Жилось в Сырборе весело и насыщенно. Мне исполнилось десять лет. Отец чутко следил за новыми веяниями в литературе. Я уже успел прочитать только что вышедший сборник Юрия Казакова «Голубое и зеленое», который произвел на меня мощное впечатление. Тут же сел и написал кому-то из ростовских родственников проникновенное письмо-рассказ в новом для себя стиле, где попытался смешать впечатления от природы и погоды с описанием своего распорядка дня. Еще не вышел двухтомник Хемингуэя в переводе Кашкина, но позже, когда я его прочел, стало понятно, что я все в принципе просекаю. Казаков, Кашкин, «Продолжение легенды» и «Хроника времен Виктора Подгурского» – вот первое, что основательно прозомбировало и поставило на рельсы, с которых я уже не смог сойти. Позже, конечно, были Ремизов и Серапионы, которые подсадили меня на сказ и показали, что такое по-настоящему кучерявое письмо. Но сейчас речь о лете 1957-го.

Взрослые много говорили о книжке «Не хлебом единым». Роман разделил общество на либералов-вольнодумцев и недобитых сталинистов, как их называли в интеллигентных кругах. Я думаю, что именно в результате полемики вокруг Дудинцева впервые возникло такое явление, как демшиза – сообщество истерически настроенных людей, которые неумеренно восхваляют все, где содержится хотя бы намек на критику в адрес сталинской эпохи. «Не хлебом единым» стал первым романом, по поводу которого схлестнулись два лагеря (Солженицын появился позже и окончательно закрепил раскол). Одни превозносили до небес, другие брызгали слюной, компрометировали и дискредитировали – в том числе с помощью разгромных статей в периодике и постановлений ЦК.

Роман я так и не прочел, но атмосферу полностью просек и понял, что к чему. Однажды, когда я выходил из ворот дачи, ко мне подошел какой-то мрачный и нервный мужик и спросил, здесь ли я живу. Я сказал, что да. Тогда он попросил меня передать папе, чтобы он не писал таких вредных книг, которые очерняют действительность, разлагают людей и сбивают их с толку. Я был в полном недоумении и поспешил своей дорогой. Постепенно до меня дошло, что мужик просто перепутал фамилии – Дудинского с Дудинцевым. Типа отыскал и приехал, чтобы сказать в лицо все что думает.

Через пару дней после открытия фестиваля я сел на троллейбус и доехал прямо до конца – до гостиницы «Москва». Видел много иностранцев. Они поразили пестротой и доброжелательностью. Я легко знакомился со своими сверстниками, поэтому какие-то пацаны посоветовали мне ехать в Парк Горького – мол, там самое оно. Я спустился в метро и доехал. Так для меня началась новая жизнь.

В парке я сразу нашел своих единомышленников – пацанов, которые уже поднаторели в общении с иностранцами и даже угостили меня жвачкой и еще чем-то диковинным.

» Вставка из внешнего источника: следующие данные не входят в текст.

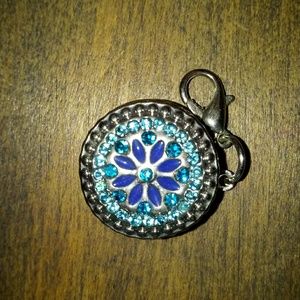 Lot of  2 Snap-on charm for bracelet or necklace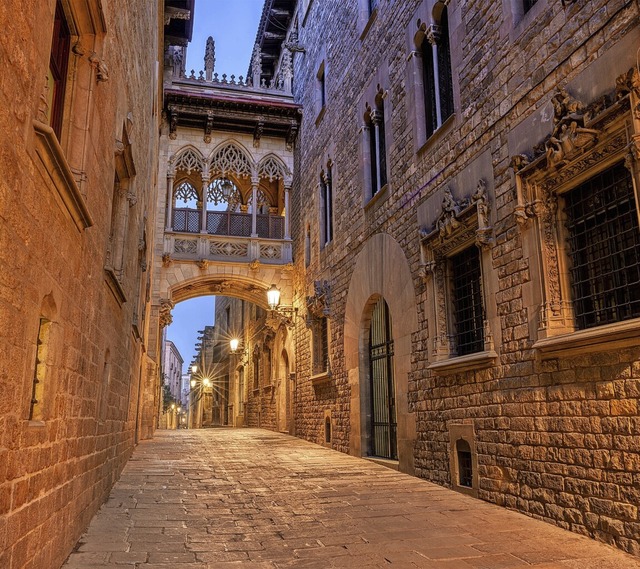 Schauplatz Gotisches Viertel in Barcelona  | Foto: IMAGO/Zoonar.com/elxeneize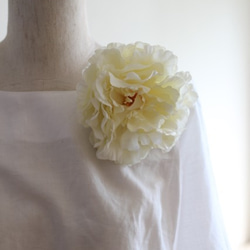[お花のコサージュ]　和装洋装にも合う、華やかな大輪コサージュアクセサリー 2枚目の画像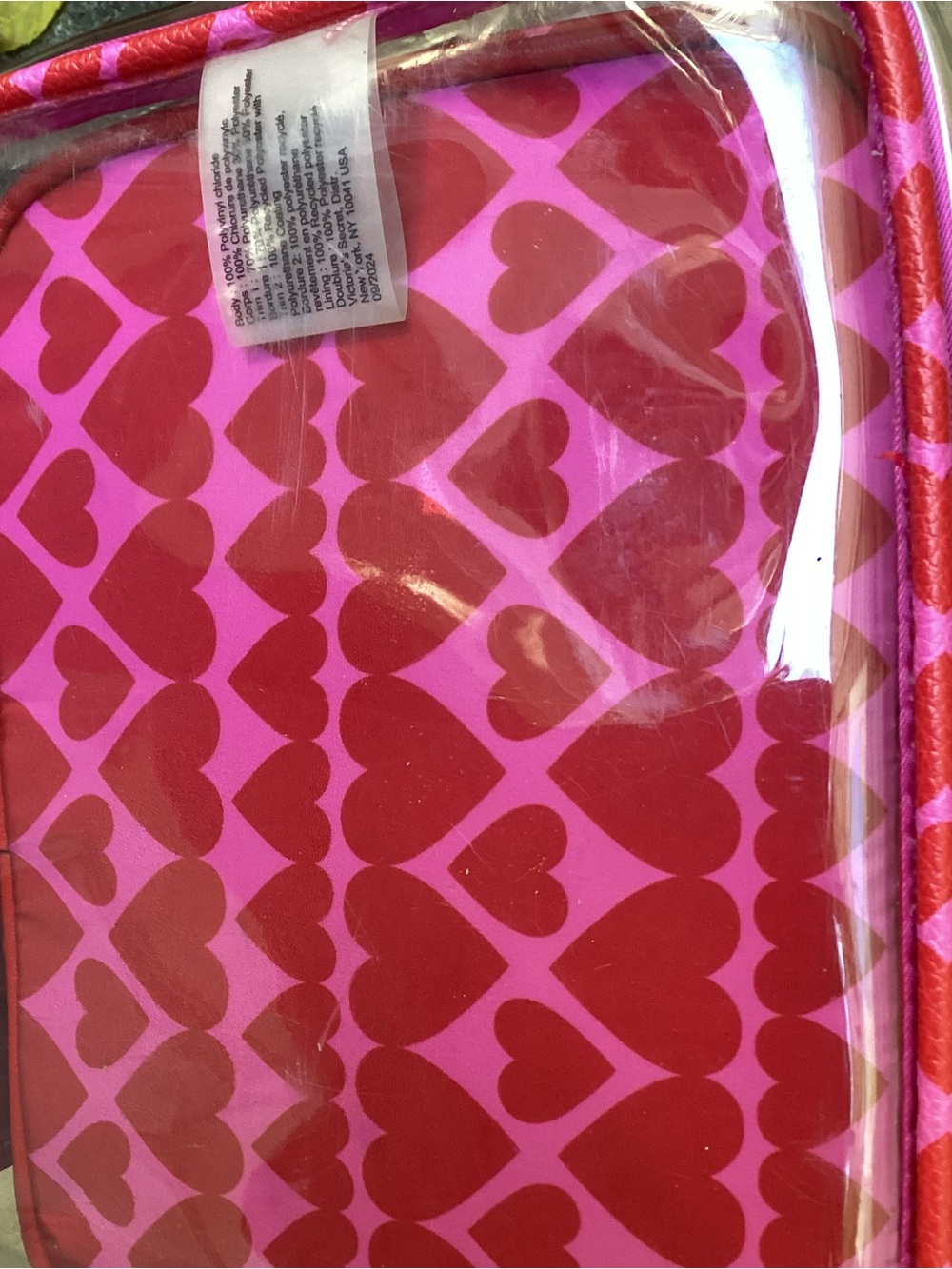 NWOT Victoria's Secret 4-in-1 Cosmetic Set Red & Pink Hearts (Limited Edition) - Picture 9 of 9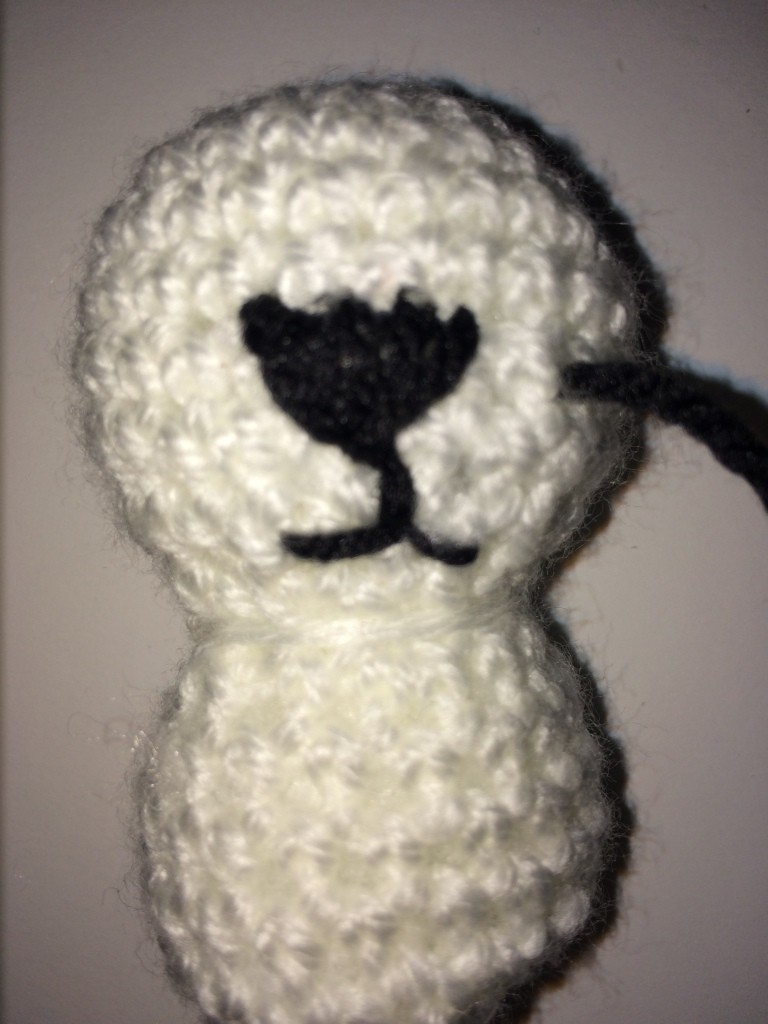 Blog-Inhaltsbild für 'Kostenlose Häkelanleitung - Kleines Kätzchen Schlüsselanhänger Taschenbaumler'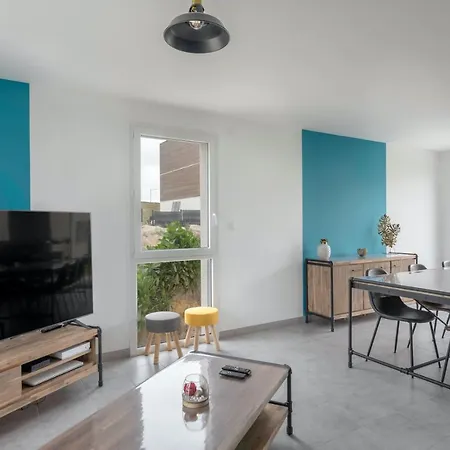 Holiday home Maison Moderne Pour 7 Personnes A *
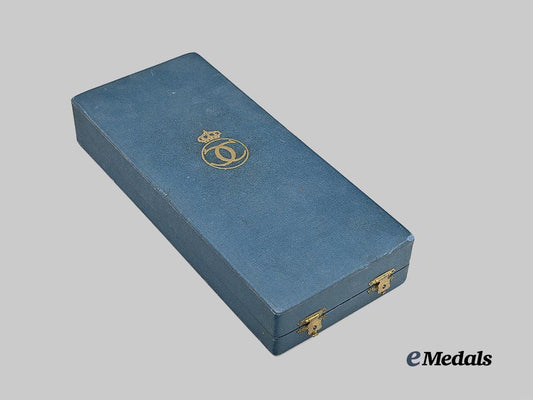 romania,_kingdom._a_case_of_issue,_by_henrich_weiss,_bucharest_e_medals__e_u24462_4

Удивила праздничная атмосфера и много юношей и девушек в национальных одеждах. На каждом шагу играли музыканты из разных стран – в том числе на экзотических инструментах. Впервые можно было вот так запросто, открыто слушать стильную музыку – причем в живом исполнении. Пацаны затащили меня в павильон, где висели необычные картины – они называли их абстракциями. Вокруг них всегда толпилось больше всего народа.

Я мечтал ездить в Москву каждый день, но не получалось. Все-таки мне было десять лет и за мной часто присматривали приезжавшие на дачу родственники. Но я старался выбираться при первой же возможности. У меня в жизни было несколько поворотных моментов – и фестиваль стал первым шагом к новой жизни и моему становлению. Он помог мне впервые почувствовать в себе присутствие некоего внутреннего стержня – основы для нанизывания на него и структурирования поступающей извне информации.